The EmbeddedContentElement
protocol is implemented by any element referencing an external resource. It contains an embeddedLink
property you can use to get the actual content of the resource.
if let element = element as? EmbeddedContentElement {
let bytes = try publication
.get(element.embeddedLink)
.read().get()
}
Here are the default available implementations:
AudioContentElement
- audio clipsVideoContentElement
- video clipsImageContentElement
- bitmap images, with the additional property:caption: String?
- figure caption, when available
The TextualContentElement
protocol is implemented by any element which can be represented as human-readable text. This is useful when you want to extract the text content of a publication without caring for each individual type of elements.
let wholeText = publication.content()
.elements()
.compactMap { ($0 as? TextualContentElement)?.text.takeIf { !$0.isEmpty } }
.joined(separator: "\n")
Actual text elements are instances of TextContentElement
, which represent a single block of text such as a heading, a paragraph or a list item. It is comprised of a role
and a list of segments
.
The role
is the nature of the text element in the document. For example a heading, body, footnote or a quote. It can be used to reconstruct part of the structure of the original document.
A text element is composed of individual segments with their own locator
and attributes
. They are useful to associate attributes with a portion of a text element. For example, given the HTML paragraph:
<p>It is pronounced <span lang="fr">croissant</span>.</p>
The following TextContentElement
will be produced:
TextContentElement(
role: .body,
segments: [
TextContentElement.Segment(text: "It is pronounced "),
TextContentElement.Segment(text: "croissant", attributes: [ContentAttribute(key: .language, value: "fr")]),
TextContentElement.Segment(text: ".")
]
)
If you are not interested in the segment attributes, you can also use element.text
to get the concatenated raw text.
All types of ContentElement
can have associated attributes. Custom ContentService
implementations can use this as an extensibility point.

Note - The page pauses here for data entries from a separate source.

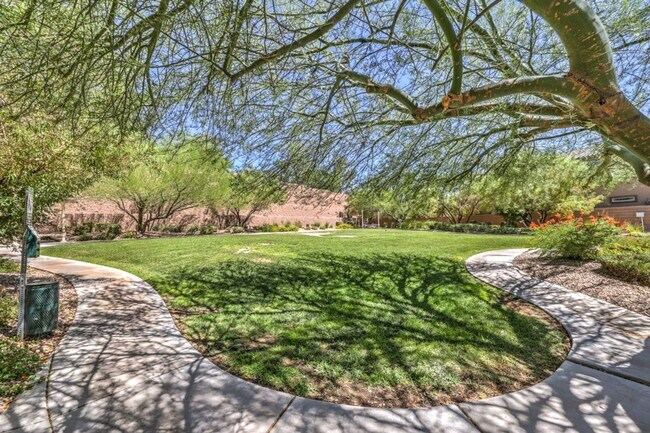Building Photo - Elegant 5-Bedroom Henderson Home in the Heart of Green Valley
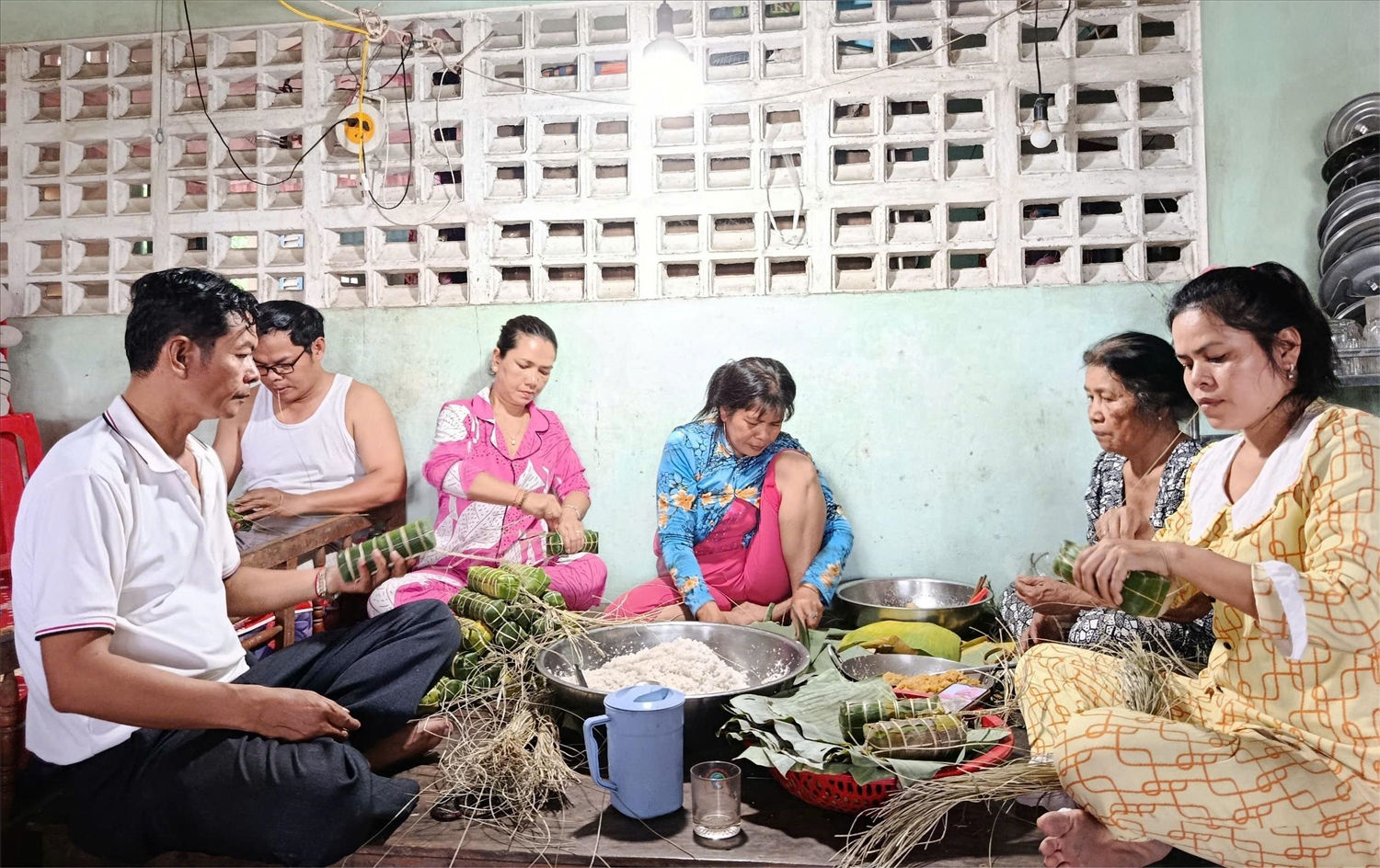 Đồng bào Khmer gói bánh tét đón năm mới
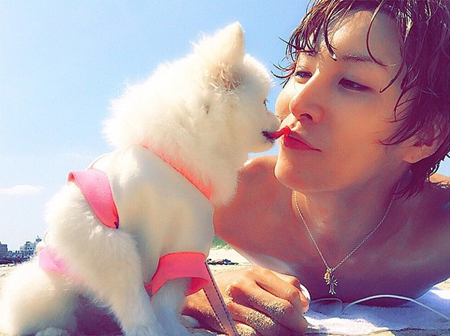 俳優ノ・ミヌ、愛犬“モモ”と海辺で戯れながら“チュー”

This example extracts all the embedded images in the publication and displays them in a SwiftUI list. Clicking on an image jumps to its location in the publication.
struct ImageIndex: View {
struct Item: Hashable {
let locator: Locator
let text: String?
let image: UIImage
}
let publication: Publication
let navigator: Navigator
@State private var items: [Item] = []
init(publication: Publication, navigator: Navigator) {
self.publication = publication
self.navigator = navigator
}
var body: some View {
ScrollView {
LazyVStack {
ForEach(items, id: \.self) { item in
VStack() {
Image(uiImage: item.image)
Text(item.text ?? "No caption")
}
.onTapGesture {
navigator.go(to: item.locator)
}
}
}
}
.onAppear {
items = publication.content()?
.elements()
.compactMap { element in
guard
let element = element as? ImageContentElement,
let image = try? publication.get(element.embeddedLink)
.read().map(UIImage.init).get()
else {
return nil
}
return Item(
locator: element.locator,
text: element.caption ?? element.accessibilityLabel,
image: image
)
}
?? []
}
}
}